What I Learned About Building Apps - feint
http://feint.me/articles/5-important-things-i-learned-about-building-apps

======
dpcan
I found that, FOR ME, the most commonly requested feature only affects my
lowest common denominator of users.

It seems that the most requested feature on my primary app is a very "social"
feature, meaning only the most "social" people were requesting it.

A competitor came out that STARTED with the social feature and it appears that
very few people use it.

Not that the feature is off the table, but I didn't let users determine what
goes to the top of the list. I've learned which features create more
customers, and I'm sticking with that for now.

------
nhangen
What I learned in building my app was how many different ways people used my
app. I found that once I asked why they wanted certain features and learned a
bit about their usage behavior, I could more clearly ascertain whether this
was a smart idea or an aberration.

------
zzzmarcus
An interesting counter-example is Goodreads.com.
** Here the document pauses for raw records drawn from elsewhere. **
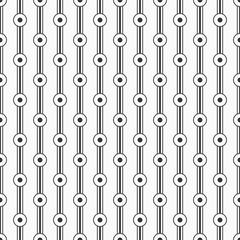 Abstract seamless pattern of symmetry arranged circles, dots and lines. Modern stylish texture. Linear style. Vector monochrome background.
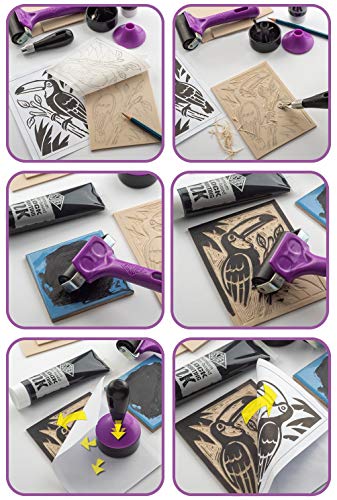 ESSDEE Block Printing Essentials Kit Includes 2 Ink Rollers, 3 Lino Cutters, Lino Handle, Printing Ink and Carving Block || Used in Art, Craft and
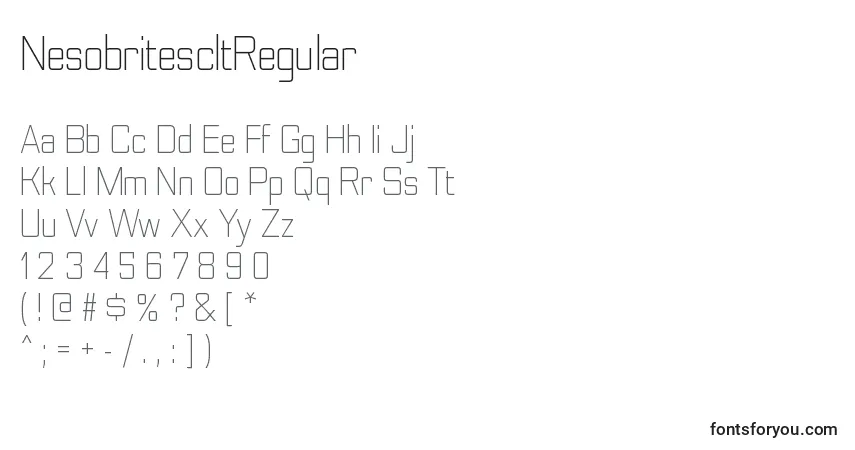 Schriftart NesobritescltRegular – Alphabet, Zahlen, spezielle Symbole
The number of features on the
site is amazing, and consistently growing.

At a first glance it seems to be a fairly basic site for book reviews, but the
deeper you dig you find a full fledged used-book exchange, quizzes, lists,
comparison shopping, profiles, trivia, quotes, videos, short stories, etc.

I'm not sure how they manage to keep it all under control or how they decide
which features will be useful, but they do a great job with keeping users
engaged in multiple activities on the site, no feature seems neglected or
empty.